# Sand/Salt Ratio?



## ToyotaPower (Mar 15, 2003)

I did a search using keywords sand/salt mixtures and did not find the answer to probably a simple answer...

When you buy or make a sand/salt mixture to use in your spreader. 

What ratio of sand is used, and what ratio of salt is used?


----------



## JD PLOWER (May 18, 2001)

Toyota thats really is a personal preference. We try to use all salt, but have in the past used a 3-1 sand/salt ratio. I've found once you get beyond a 4-1 ratio its really useless for melting anything. Some municipalities use 60-80% salt to sand but that changed as the winter wore on. They reversed the ratio by mid February and the streets turned into beaches  .


----------



## Mick (May 19, 2001)

I asked my supplier last year what ratio he mixed. His answer was that he just mixed it till it seemed right. Considering that the purpose is mainly to keep the sand from freezing, it does a real good job. Looks like about a 10% salt mix. But like JD said, the purpose is not to melt anything.


----------



## ToyotaPower (Mar 15, 2003)

*Response For JD Power and Mick*

JD Power and Mick...

So, your telling me that Sand/Salt mixture that we buy is really for traction purposes only not for melting ice? 

The person doing the mixing of sand/salt is just adding enough salt to the sand so that it doesn't freeze and selling it?

My customer believe the sand/salt mixture is for traction and melting away ice...

Is a 4 to 1 sand to salt mixture enough to melt away ice?

Please explain more...


----------



## John DiMartino (Jan 22, 2000)

They mix it at 6 to 1 here,it doesnt melt anything. I used to mix my own at 3 sand/to 1 salt.It worked decent;still messy. Toyota power,if your lookign to melt ice/snow straight salt is the way. A mix is better for gravel lots,and for places that refreeze,or north sides of buldings where no matter what it will never melt.


----------



## ToyotaPower (Mar 15, 2003)

John, Thanks for info...I need to start thinking about what to do for next season, regarding mixture ratio...


----------



## Mick (May 19, 2001)

*Re: Response For JD Power and Mick*



> _Originally posted by ToyotaPower _
> *Mick...
> 
> The person doing the mixing of sand/salt is just adding enough salt to the sand so that it doesn't freeze and selling it?
> ...


Right. Then you would likely want to use straight salt if you're treating finished surfaces such as parking lots. Mine are mostly gravel and hard park.


----------



## ToyotaPower (Mar 15, 2003)

Understanding more and more everyday...Thanks Mick:waving:


----------



## slplow (May 13, 2001)

*Salting prices*

After all the cleaning of sand during spring cleanup, I have decided to introduce the idea to my commercial customers of using straight salt rather than the mixture.

Here is the problem, pricing salt compared to using the mix.
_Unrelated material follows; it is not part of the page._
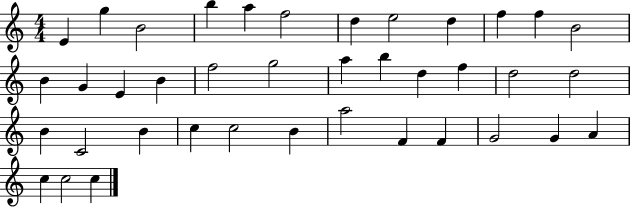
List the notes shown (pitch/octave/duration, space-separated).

E4/q G5/q B4/h B5/q A5/q F5/h D5/q E5/h D5/q F5/q F5/q B4/h B4/q G4/q E4/q B4/q F5/h G5/h A5/q B5/q D5/q F5/q D5/h D5/h B4/q C4/h B4/q C5/q C5/h B4/q A5/h F4/q F4/q G4/h G4/q A4/q C5/q C5/h C5/q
About what percentage over the price of mixture should I charge customer. I have not called to get prices per ton on the salt. Also I need to know where to by straight salt in MA. I think I heard of a place in Quincy, MA, but not sure.


----------



## Alan (Mar 2, 2000)

If you're dealing with pavement the best "ratio" is 100% salt! The only place you need mix is on gravel lots. You can get away with as little as 400 lbs/acre if you apply at the first flakes. 

For gravel a mix that has just enough salt in it to prevent freezing will give the best results. A low ratio there will keep the grit from melting down into the pack and becoming worthless.

As for pricing, in my area I can market salt, or mix, at three times my cost, applied. When asked about "sanding" I go into my sales pitch and to have anyone insist on mix. The concern seems to be for results and far less for what you use to get them.a 

Commercial mix here is 40% salt so it does a lot of melting, good on pavement but not on gravel. Using that ratio, for every ton applied you are putting down 800 lbs of salt and getting the job done. So why not apply 800 lbs of salt to the same area you would use a ton of mix on?

Let's assume you can load 1 1/2 tons in a vee box. How much aread can you cover if using mix? Now multiply that by 2 1/2 and that's how much you could cover with salt. How many trips to reload will that save?

Where I need grit I have had excellent results with rock fines with NO salt added. Only snag is that I have to pick it up at the quarry and use the whole load or risk having it freeze up in the truck. The crushed stone offers nice sharp edges so it bites into ice or snowpack better than the rounded grains of sand.


----------



## GeoffD (Dec 21, 1999)

The most common mixes:

50 % salt 50 % sand
40% salt 60 % sand Or 60 % salt 40% sand
70 % salt 30 % sant. Or 70 % sand 30 % salt

To prevent freezing 30 % salt is the least amount that can be used in a mix.


Geoff


----------



## John DiMartino (Jan 22, 2000)

The mix thats commonly sold here is 1 scoop salt, to 5 or 6 sand. Its way to weak.It freezes in the hopper if you leave it overnight and its in the 20's or colder.most yards leave it uncovered too,so its wet,and what a mess.


----------